**What is being asked**.
Leaving out the images, repeat all the lines below exactly.

**Given information**.
====

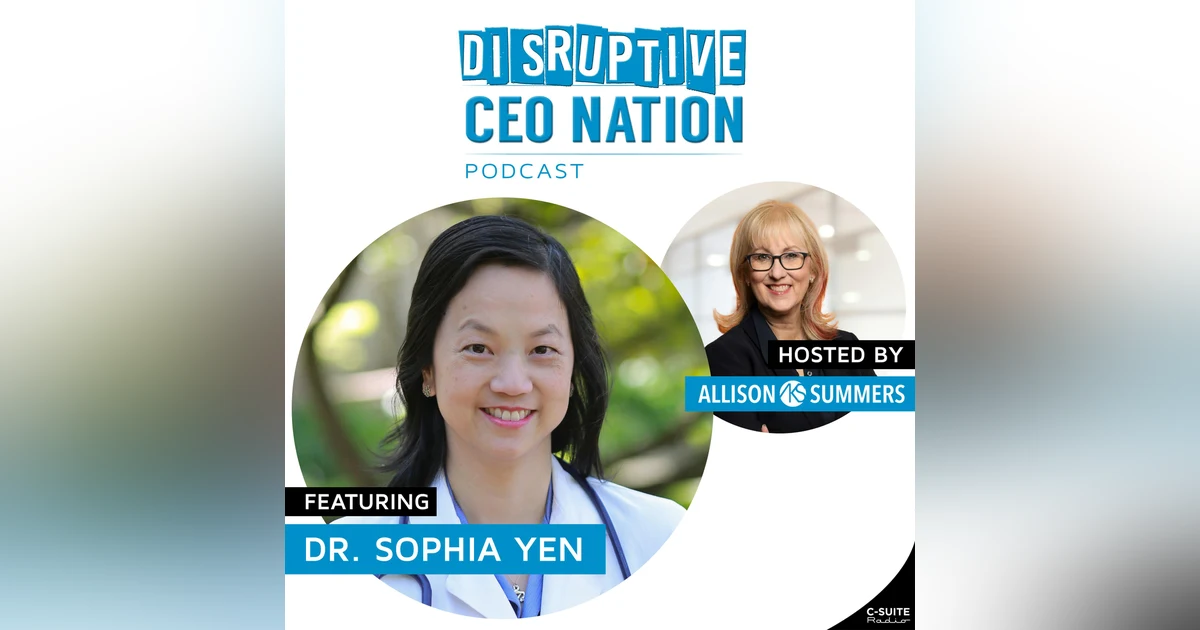 Episode 219: Dr. Sophia Yen, CEO and co-founder of Pandia Health; Sunnyvale, CA, USA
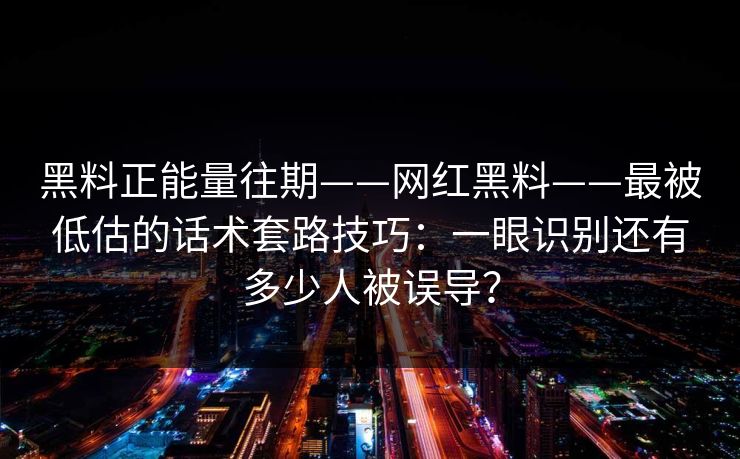 黑料正能量往期——网红黑料——最被低估的话术套路技巧：一眼识别还有多少人被误导？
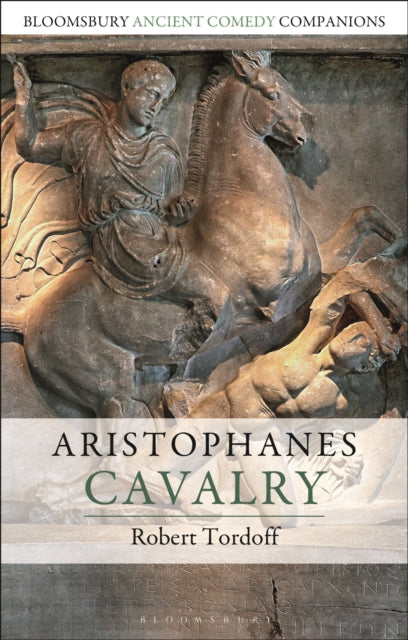 Book cover of: Aristophanes: Cavalry. By: Rob Tordoff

====

**Written response**.
 Episode 219: Dr. Sophia Yen, CEO and co-founder of Pandia Health; Sunnyvale, CA, USA
 黑料正能量往期——网红黑料——最被低估的话术套路技巧：一眼识别还有多少人被误导？
 Book cover of: Aristophanes: Cavalry. By: Rob Tordoff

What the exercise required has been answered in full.